This friendliness was reflected later when, as a priest, he greeted the growing tide of Christian ecumenism. He retained friendships with his childhood mates for the rest of his life. Bigotry had no place in his thinking. Fr Allan says he identified himself as Catholic but, among his friends, the different faiths “merged as salt in water”.
Bishop Barry was a top-stream student at St Bede’s. He excelled in his favourite subjects, Latin and French. His love of language led him in later life to learn Te Reo Maori. His fluency was a great help in his work with the Canterbury Maori community.
Fr Allan remembers his teenaged brother Barry being very active in the St Joseph’s youth club. He took part in the social activities and played drums in the band for club dances.
In school holidays he worked at various jobs, including potato-picking, cleaning at the Rangiora Farmers store, pouring petrol, and delivering groceries by van. The name he made as a hard worker lasted through the rest of his life. He was often noted for the long hours he spent working during his time as Bishop of Christchurch.

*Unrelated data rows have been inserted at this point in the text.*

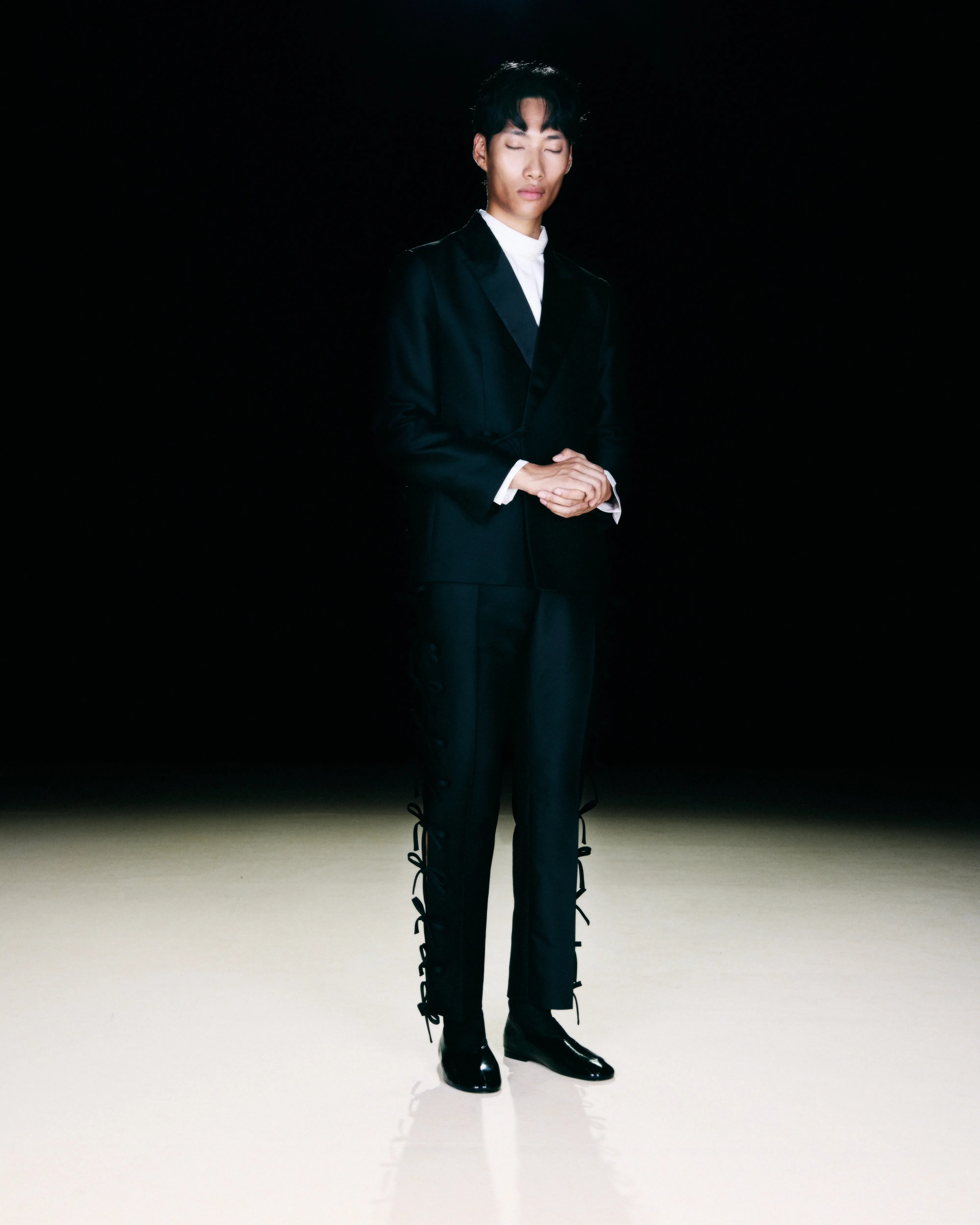 Ribbon Tuxedo Jacket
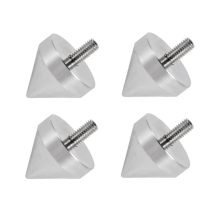 4 stuks aluminiumlegering luidsprekerstandaardvoetjes/conusvormige vloervoetjes/spijkers M10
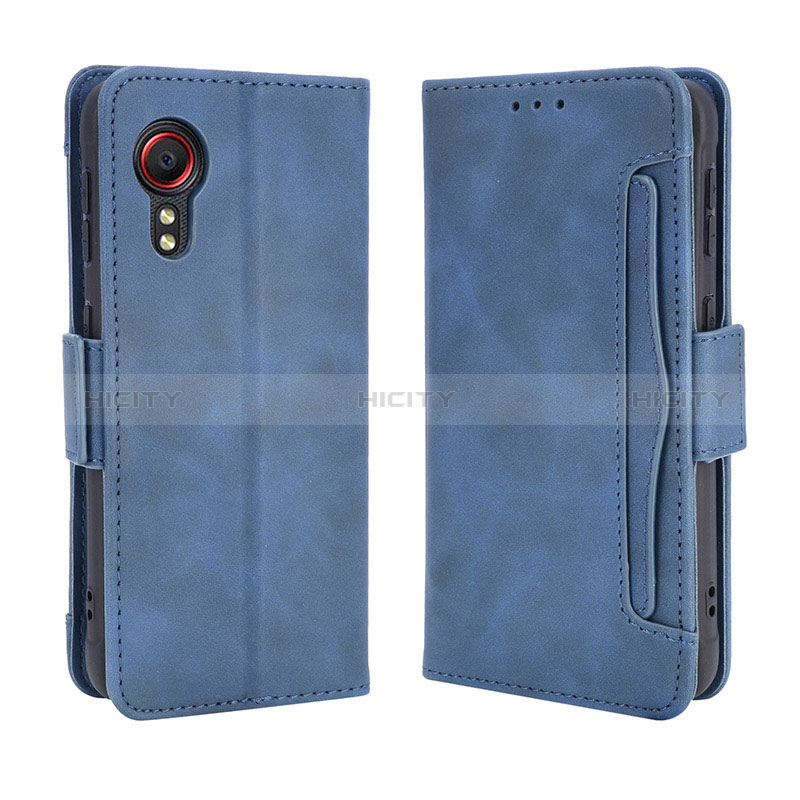 Custodia Portafoglio In Pelle Cover con Supporto BY3 per Samsung Galaxy XCover 5 SM-G525F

Bishop Barry entered Holy Name Seminary at Riccarton in 1960. He completed his studies for the priesthood at Holy Cross College in Mosgiel and was ordained by Bishop Brian Ashby at Rangiora in 1966.
Forty years of priestly service in the Christchurch Diocese followed. He served as assistant priest at Timaru, the Cathedral of the Blessed Sacrament in Christchurch, Greymouth, and Sockburn. He was parish priest consecutively at Kumara, Akaroa and Greymouth and parish administrator at Riccarton, Bryndwr and the Cathedral.

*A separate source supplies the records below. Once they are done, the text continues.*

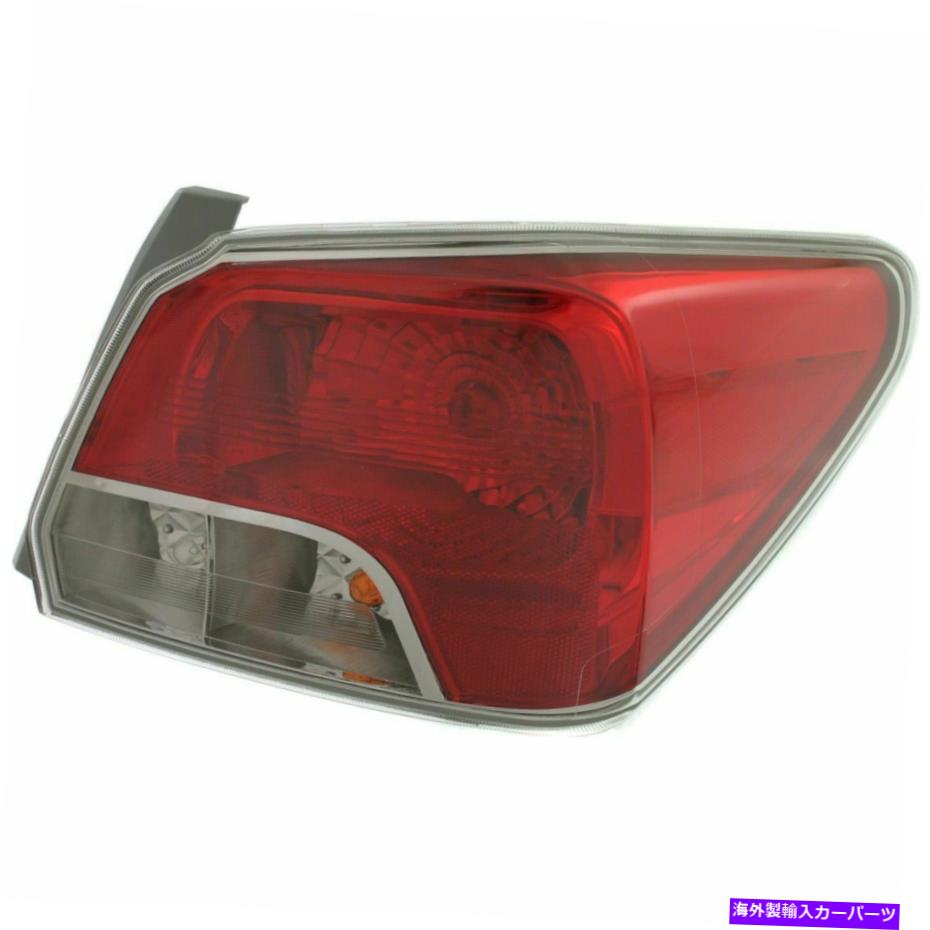 USテールライト Subaru Imperza Sedan 2012 2013 2014 2015テールランプ右乗客のためのフィット FITS FOR SUBARU IMPREZA SEDAN 2012 2013 2014 2015 TAIL LAMP RIGHT PASSENGER【並行輸入品】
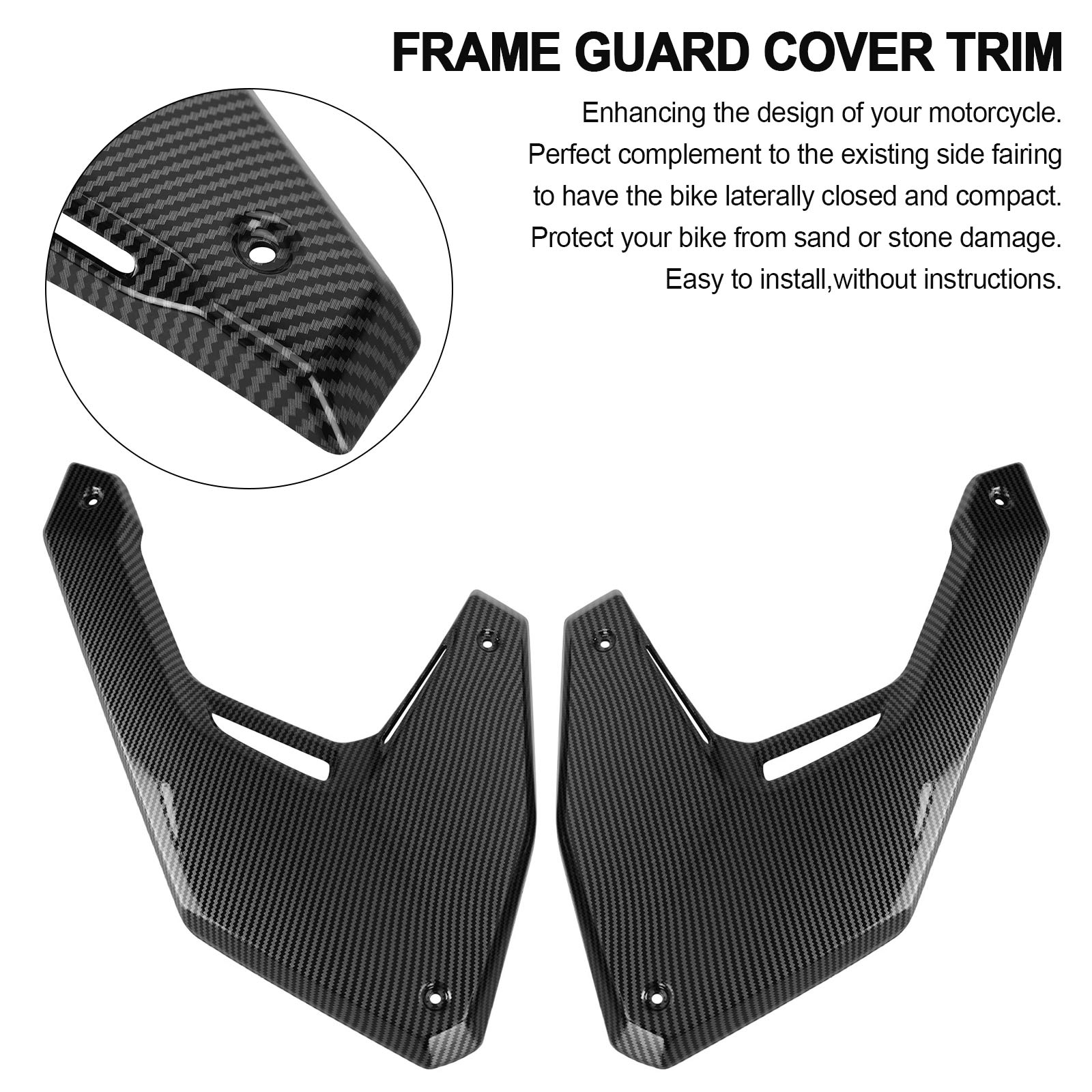 Carénage de protection de couverture latérale de cadre de moto pour Honda X-ADV 750 XADV750 2021 générique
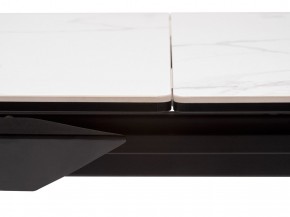 Стол CREMONA 140 MATTE STATUARIO Белый мрамор матовый, керамика/ черный каркас, ®DISAUR в Первоуральске - pervouralsk.mebel24.online | фото 4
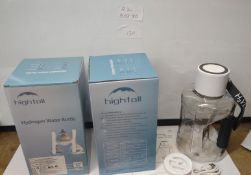 Job lot of 2 Hightall Hydrogen water bottles. EST Â£30 - R2-BOX 80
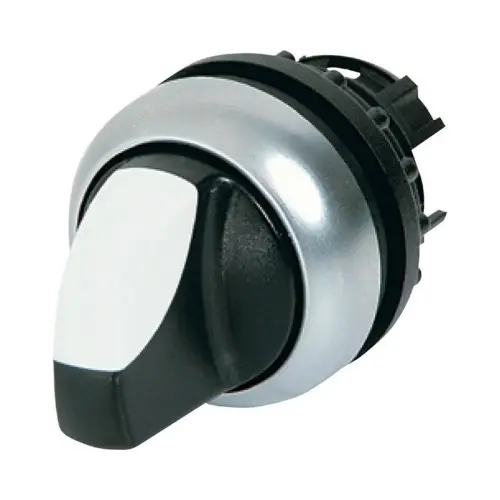 Ovládací hlavice otočná prosvětlená 2-polohy s aretací bílá EATON M22-WRLK-W 216823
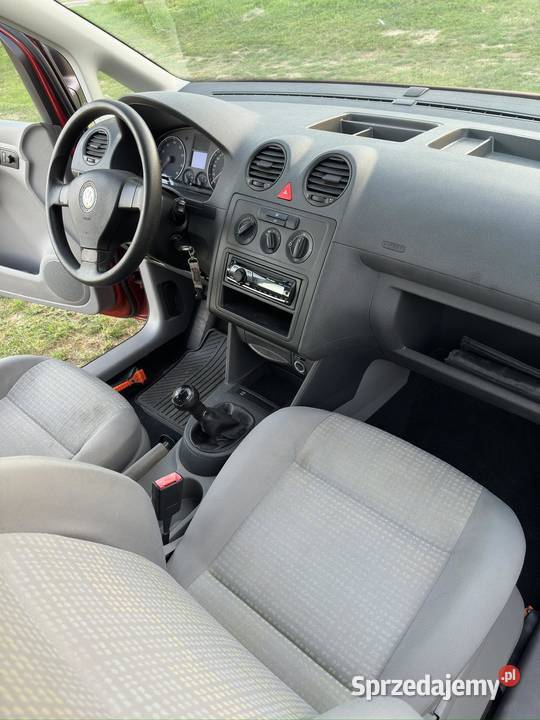 VW CADDY 16 BEN Model 2009 ZAREJESTROWANY 1595cm3 Płońsk sprzedam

His specialist pastoral appointments included chaplain to Te Rangimarie, the Christchurch Maori mission. He was chaplain also to Burnham Military Camp and Vice Rector of Good Shepherd House, a study centre for men before joining the seminary. With Bishop of Christchurch John Cunneen suffering long-term ill health, Jones was appointed Coadjutor Bishop in 2006. The following year Cunneen retired and Jones became Bishop of Christchurch.
His term as bishop was dominated by the Canterbury earthquakes of 2010-2011. Extensive damage to the cathedral and the vast dislocation of everyday life for thousands of his flock became Jones’ overriding concerns. He dealt with these issues with his usual stoicism, compassion and painstaking thoroughness.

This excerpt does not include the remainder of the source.